> [Data for review]

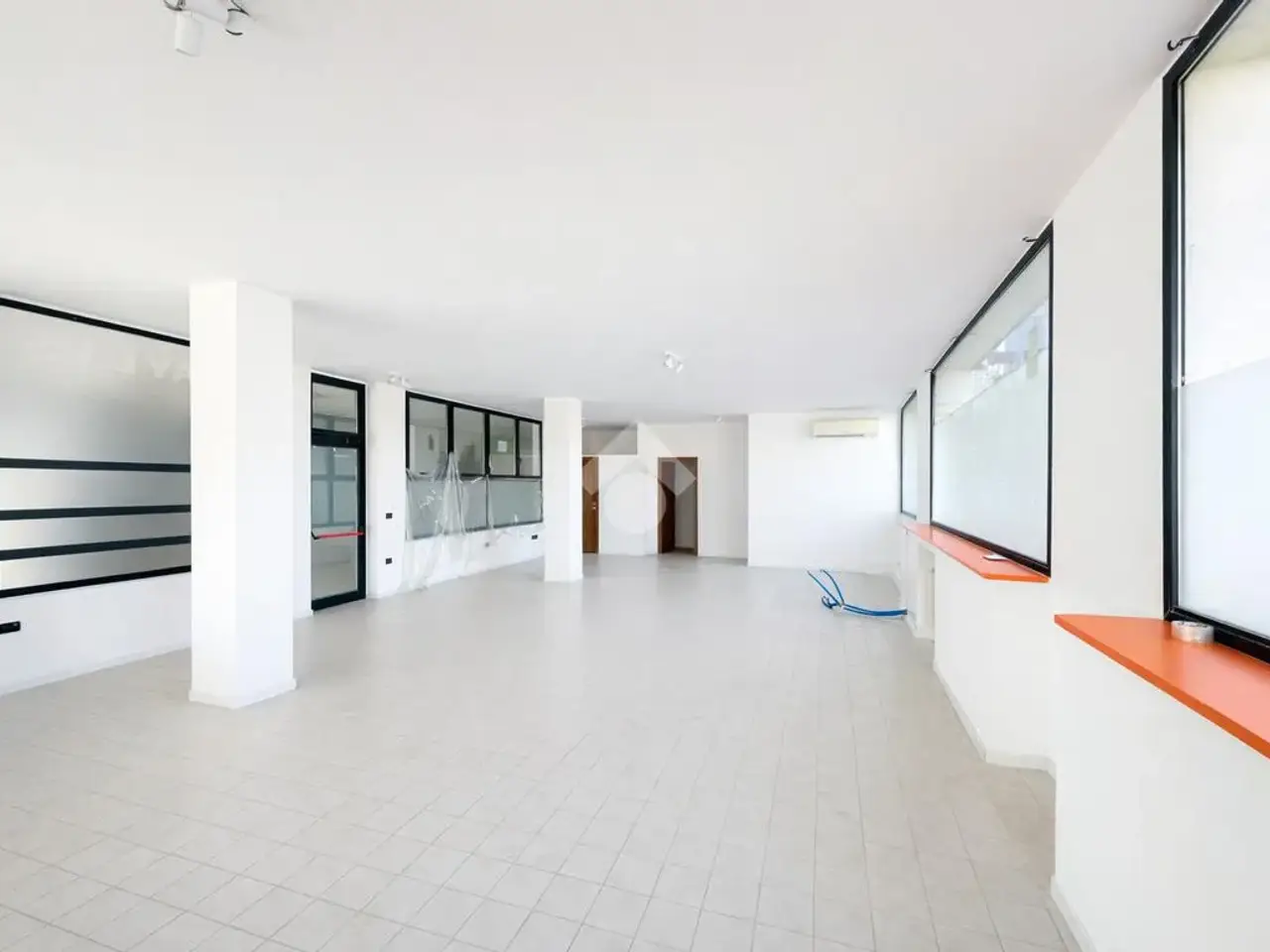 Negozio in Via Borgo Padova 38, Castelfranco Veneto, {3} - Foto 1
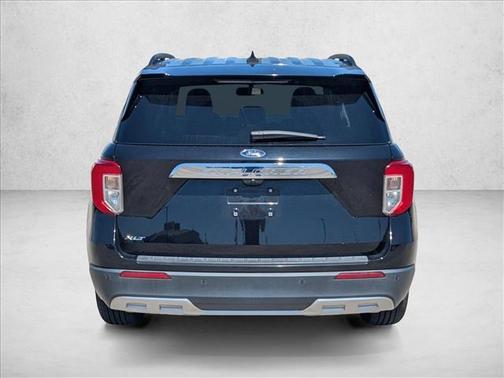 AGATE BLACK METALLIC 2023 Ford Explorer XLT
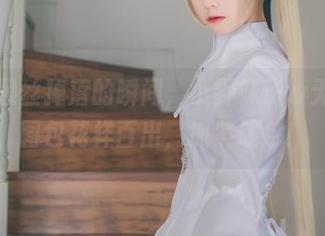 蕾姆黑丝掉落的瞬间，小野妹子w无圣光图包花样百出，抓紧钱包！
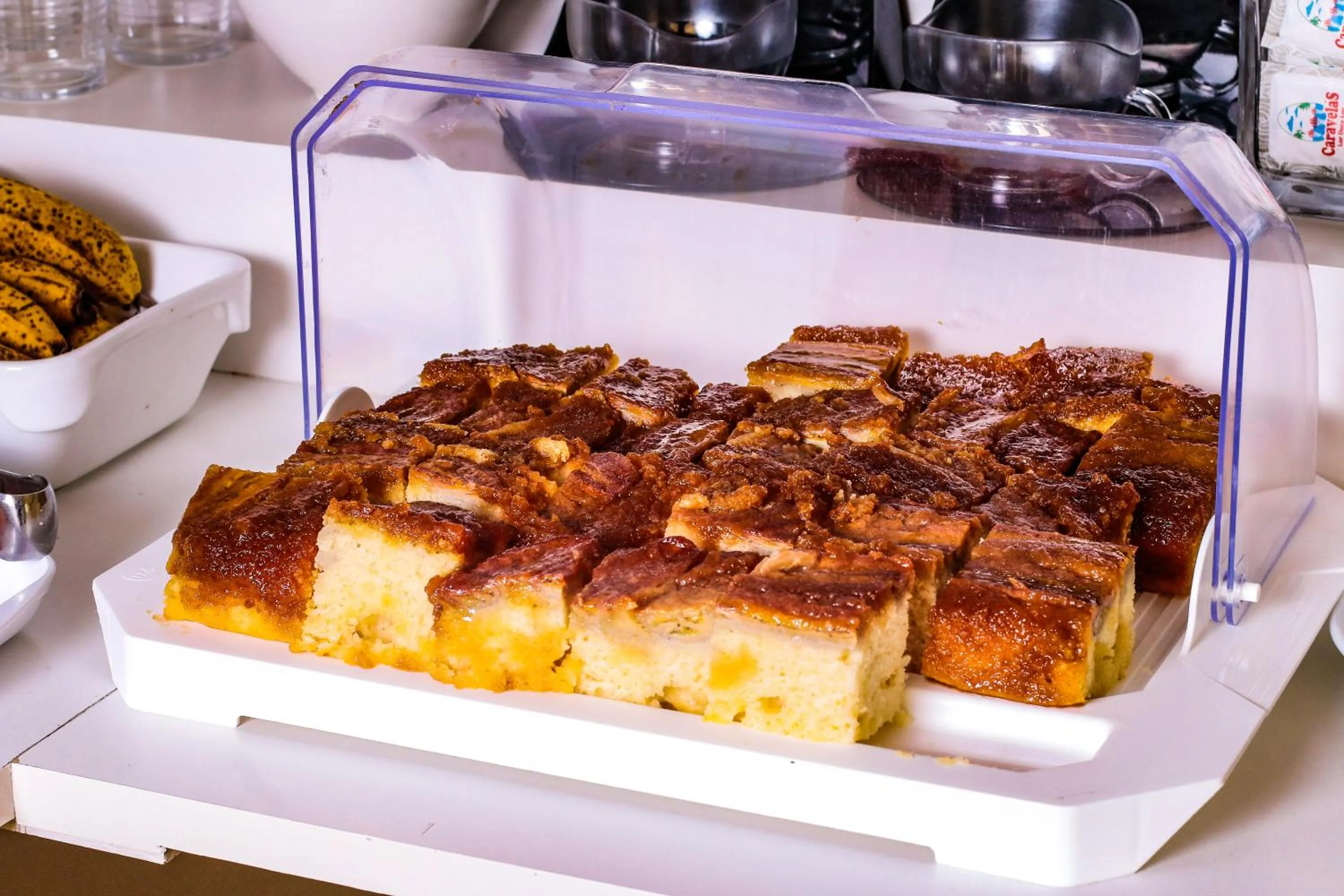 Breakfast in Esquina Batel - Hotel Econômico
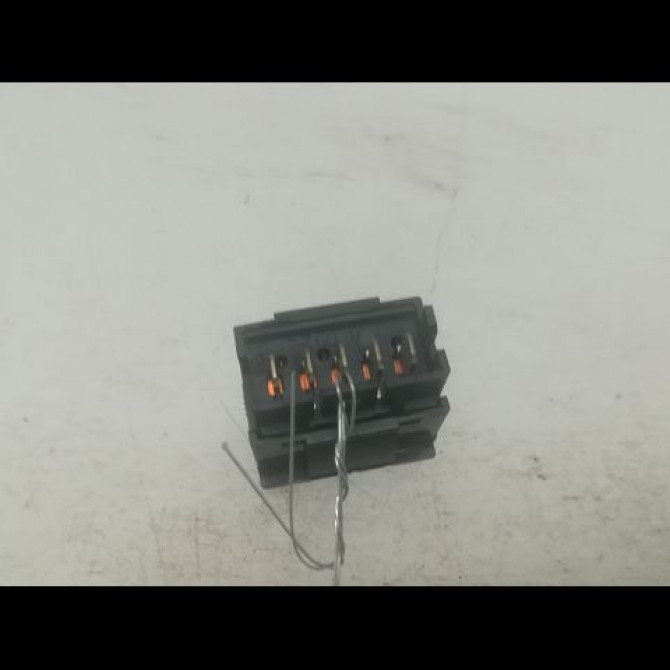 Commande lève-glace porte avant droite occasion PEUGEOT 406 Phase 1 10-1995->04-1999 1.9 TD 90ch 6552KT 2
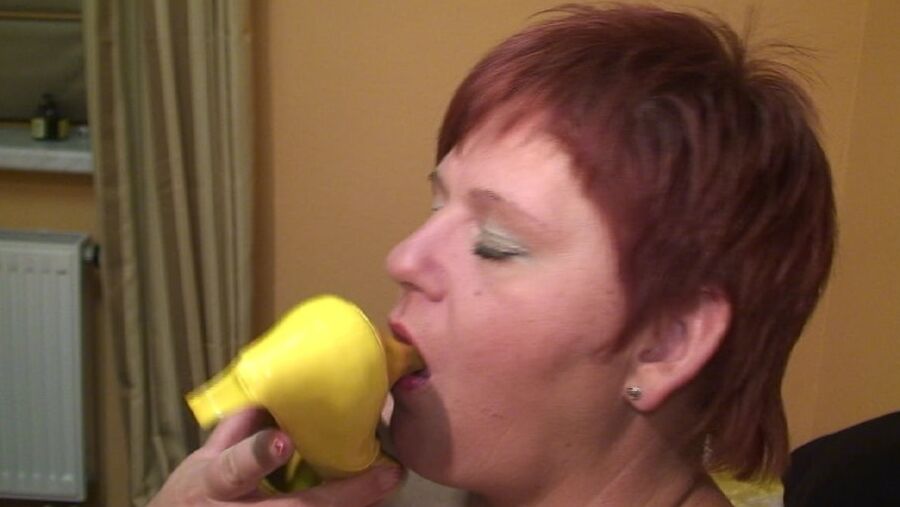 "Yellow high heels into my hot hole "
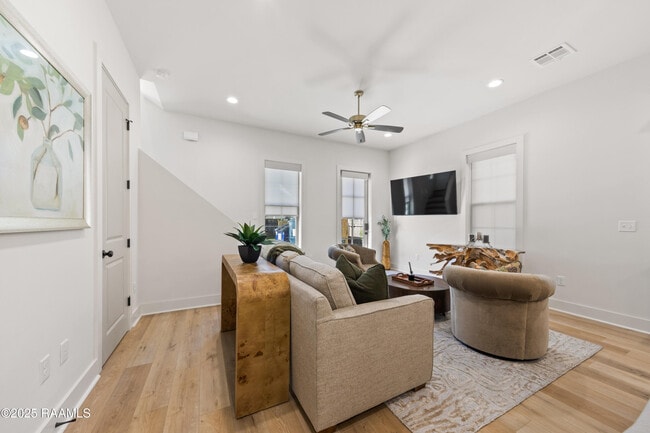 Photo - 103 Steiner Oaks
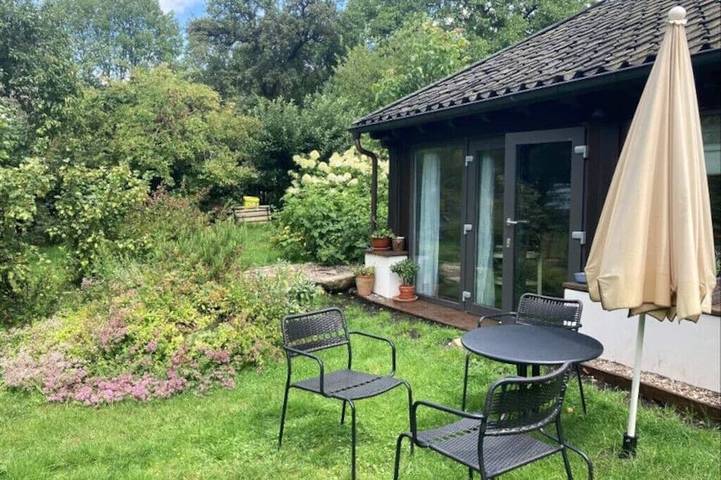 Ferienwohnung für 4 Personen, mit Terrasse und Garten in Reichshof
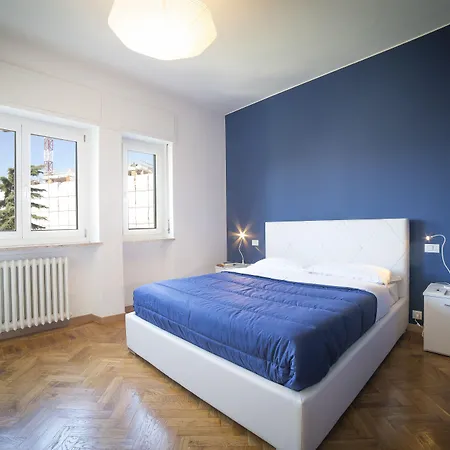 Aurum Aparthotels Gambara-3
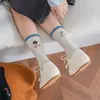 Meias Femininas de Outono e Inverno com Bloqueio de Cores Único e Moderno Versão Ab, Meias de Cano Médio com Carta de Gato Comendo Peixe, Meias Largas de Ponto Duplo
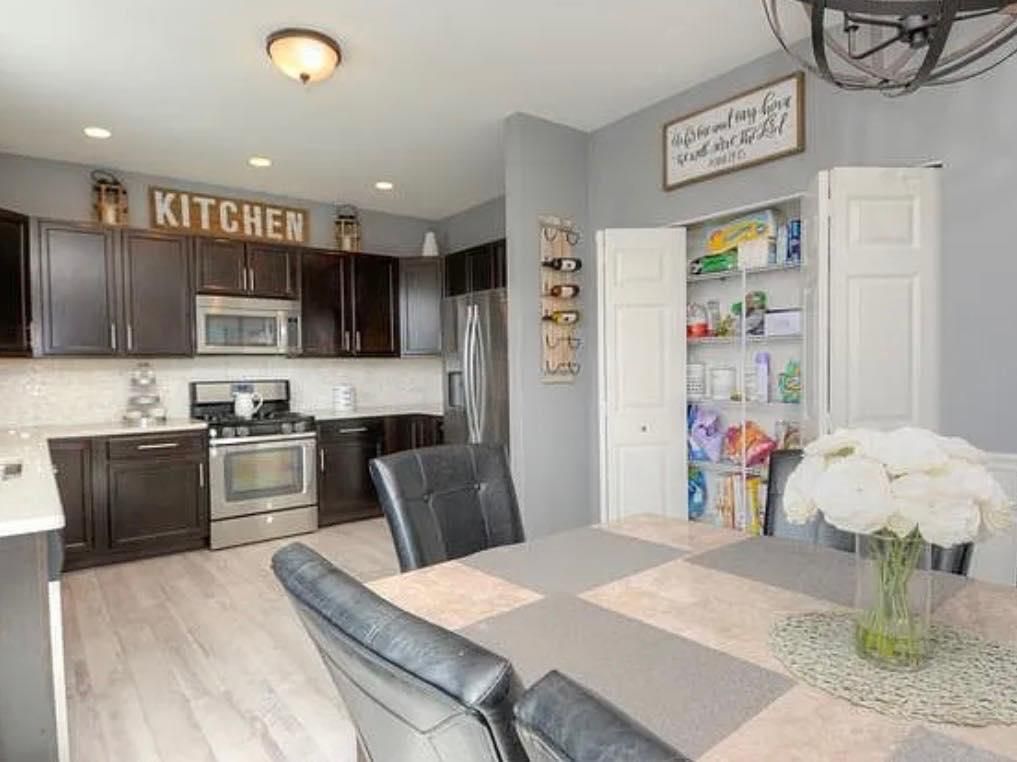 Kitchen and Cabinet Refinishing for Ekwood Finishes in St. Charles, IL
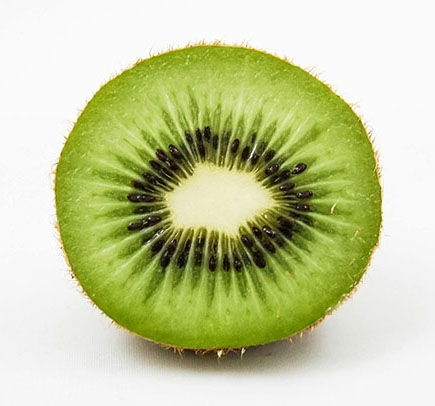 Aufgeschnittene Kiwi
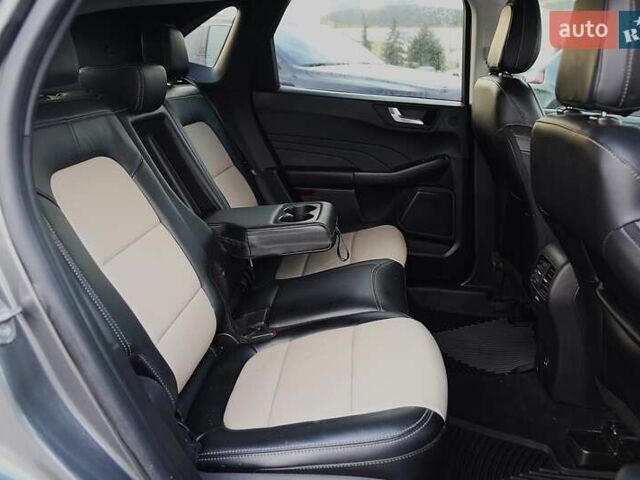 Черный Форд Эскейп, объемом двигателя 2.5 л и пробегом 39 тыс. км за 26800 $, фото 9 на Automoto.ua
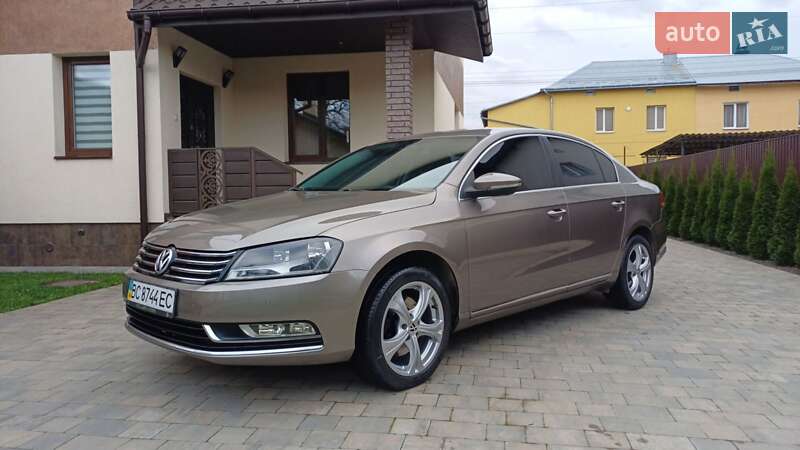 Volkswagen Passat 2011 Volkswagen Passat 2011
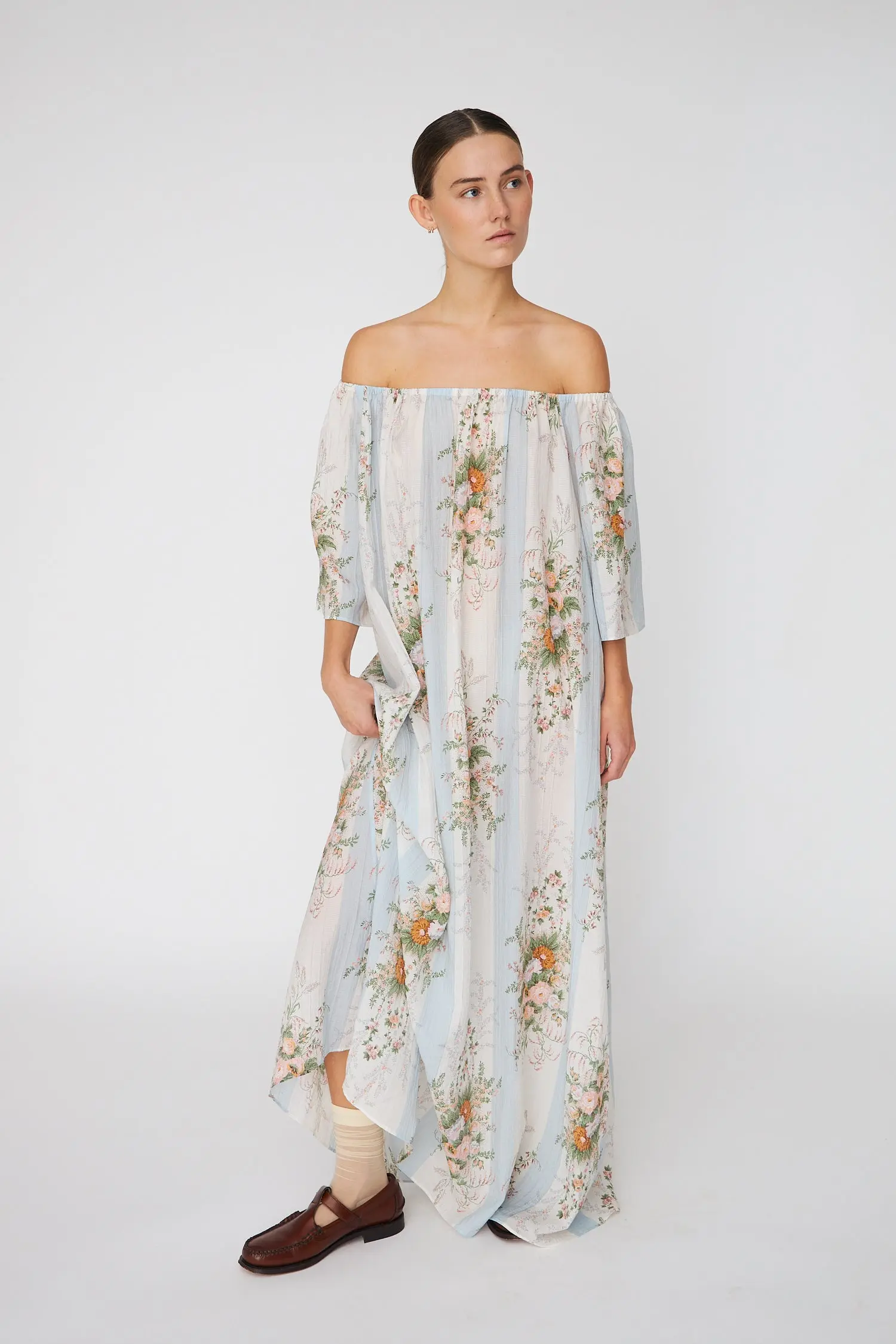 Loose Maxi Dress with drop Shoulders - Creme Multicolour Flowers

> [Task objective]
Set the pictures aside and transcribe exactly the stretch of lines above, beginning with the one holding "蕾姆黑丝掉落的瞬间，小野妹子w无圣光图包花样百出，抓紧钱包！" and ending with the one holding "Aurum Aparthotels Gambara-3".

> [Answer]
 蕾姆黑丝掉落的瞬间，小野妹子w无圣光图包花样百出，抓紧钱包！
 Breakfast in Esquina Batel - Hotel Econômico
 Commande lève-glace porte avant droite occasion PEUGEOT 406 Phase 1 10-1995->04-1999 1.9 TD 90ch 6552KT 2
 "Yellow high heels into my hot hole "
 Photo - 103 Steiner Oaks
 Ferienwohnung für 4 Personen, mit Terrasse und Garten in Reichshof
 Aurum Aparthotels Gambara-3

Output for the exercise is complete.